前泊した岡山の夜は、遅くに到着したにもかかわらず、久々に街に繰り出してしまいました。もう、9年以上前になりますでしょうか?リクルートの「じゃらん」の仕事で、岡山拠点に、鳥取、島根、広島、四国4県の旅館、ホテル、ペンションを、月~金ほとんど出張で駆け回っていた頃が懐かしかったのもあります。飲み屋街も忘れてしまい、乗り込んだタクシーの運転手に案内をしてもらいましたが、ふと「政令都市岡山」の話になりました。

日本の政令都市はすでに19市になりますが、てっきり人口100万人以上は必要と思っておりました。が、近年制限が緩和され、岡山は70万人でなった模様。「何か変わりましたか?」と運転手に尋ねたところ、「議員の給与が増えただけですかね!」とポツリ。月曜日と言うこともあり、繁華街の人手はポツポツ。「景気が悪い・・」と言うフレーズは、ここ数年、日本各地のツイート(つぶやき)みたいになっています。

ふと、この春に訪れた湖南省は「株州市」を思い出しました。十数年前3万人だった人口が、90万になり、街には人が溢れ、ライトアップに花火まで・・・中国の100万都市は、300に迫る勢いですが、日本のそれは制限緩和・・中国資本の外資系が増えるのも道理ではあります。ここはひとつ、「量より質」と言いたいところですが、サービス面で誇りであった日本も最近はレベルが落ちているかも・・・私自身も襟を正して生きたいと思います。

「貴方の上司は中国人?」中国企業のM&Aが加速・・・

2010-05-23 21:15:31 | 中国
日本の上場企業が中国企業の傘下に・・・・と言うニュースが飛び込んできました。すでに大手家電量販店が中国企業の傘下になっていたり、中国企業のM&A、つまり合併(Mergers)と買収(Acquisitions)は、今後も増加の一途を辿ることでしょう。明日あたりからまた、大マスコミを中心に、「中国資本の脅威・・・」的な報道が展開されるのでしょうか?
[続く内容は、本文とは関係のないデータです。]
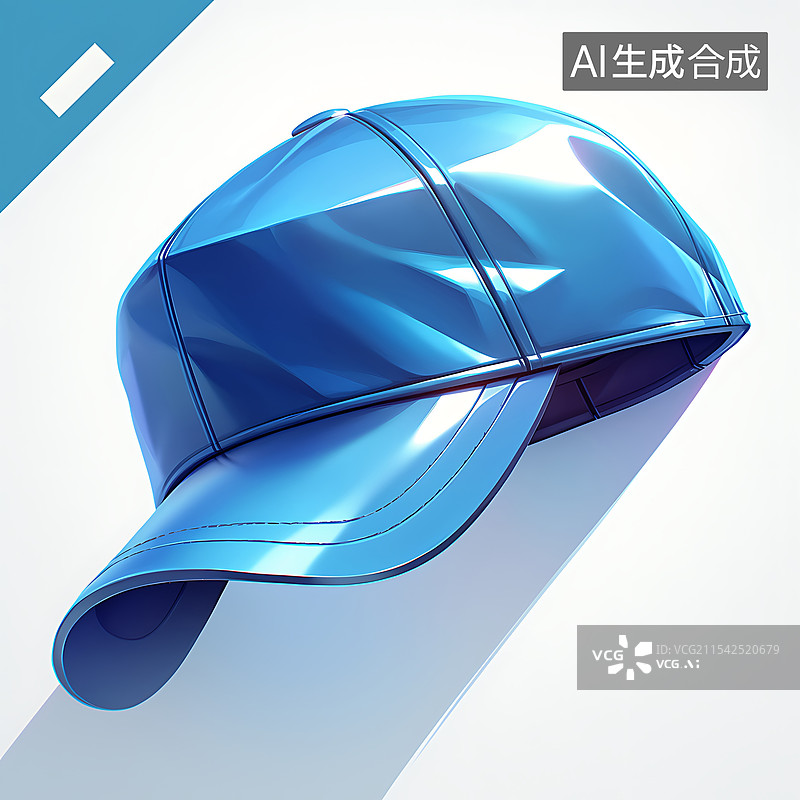 【AI数字艺术】节日氛围感元素鸭舌帽图片素材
ただ、ここで思うことは、中国企業であれ、欧米企業であれ、外資には違いないのに、欧米資本の外資系に入社することのほうがステイタスになっていたりします。が、世界経済の軸が欧米から中国にシフトした現在、中国資本の「外資系企業」がどんどん増えても不思議ではありません。経済のパワーバランスの問題なのです。

最近、このブログでマスコミ批判的なコメントが多くなっていますが、日本がアメリカの植民地かと思えるほどの偏った報道をする局は、世界地図の上で大きな変化が起こっている事実を認めたくないかのように見えます。ある中国人がロンドンオリンピックのマスコットを見て、「どう見ても鬼太郎の目玉おやじにしか見えないのに、ロンドンだからあまり騒がないのね。きっと、中国のマスコットがあれだったら大騒ぎね!」と言っていました。
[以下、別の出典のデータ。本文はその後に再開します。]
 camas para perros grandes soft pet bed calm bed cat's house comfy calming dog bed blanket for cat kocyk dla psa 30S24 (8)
戦後のアメリカとの関係を前進させることは至難の業です。されど、世界の潮目を読み取る能力も必要です。日本の企業同士でさえ、体力、競争力強化のためにM&Aを加速しているわけですから、中国を軸にした世界経済(CHINABAL)において、中国企業や中国人が、パートナーや投資家であっても、何ら不思議ではありません。重要なのは、現実を受け止めること、分析すること、理解すること、そして行動することでしょうか?
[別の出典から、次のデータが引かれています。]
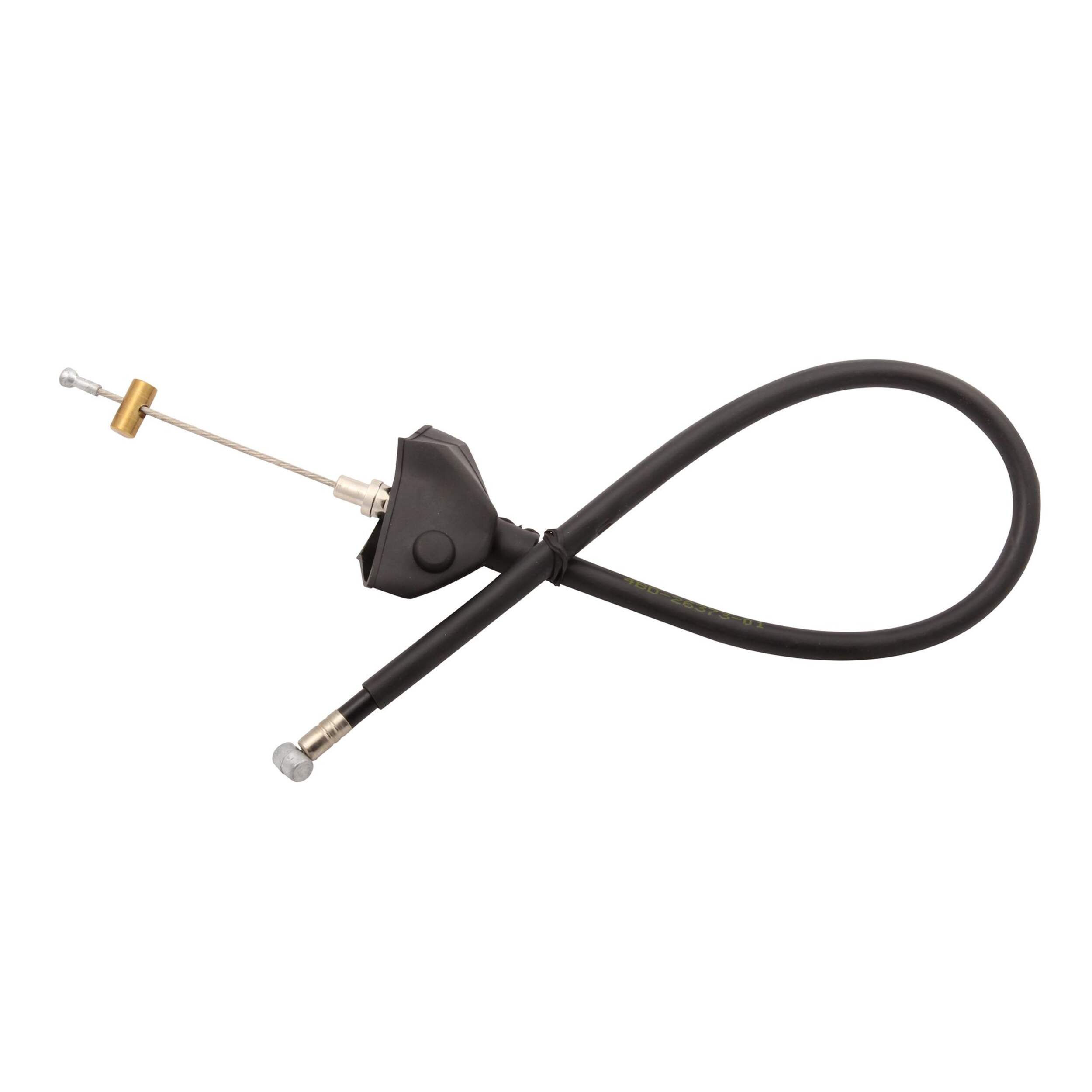 KIMPEX Steel Hand Brake Cable, Front Overhead_Flat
異文化コミュニケーションだとか、グローバル人材の育成が叫ばれていますが、男女においても、世代においても、異国においても、現実を受け止め、分析し、理解し、行動することができるかどうかが必要な資質だと思います。日本で仕事ができる人は中国でもできますし、日本で売れない人が中国で売れるようにはなりません。

また、「理解」を語る上で、最低限、相手方の言語を理解しようとする姿勢が結果的に重要になってきます。

海外赴任、出張だけではなく、日本国内にいながら中国人、中国企業との接点が増えていく中で、中国語の必要性が高まるのは間違いないでしょう。ただ、言葉以前に、物事の本質を見極めることが重要だと思います。意図的に偏ったネガティブ報道に流されないように、されど中国の市場がおいしいからと浮かれないように・・・・

冷静かつ情熱的に、中国、そしてアメリカとの対等な関係を構築していきたいものです。



社内の中国人に中国語を習うべきか?

2010-05-22 17:59:46 | 中国
べきか、べきじゃないか議論する話でもありませんが、このところの歪みながらも大量なマスコミの中国報道のおかげで、猫も杓子も中国進出、中国人の観光客に期待、そしてこれからは中国語・・・と言った話題を耳にしない日は一日たりともないのではないでしょうか?お蔭様で、弊社も急がしくはさせていただいておりますが、何が胃を痛めているかと言うと、なかなか「この人に習いたい!」と思える中国語講師の少なさでしょうか?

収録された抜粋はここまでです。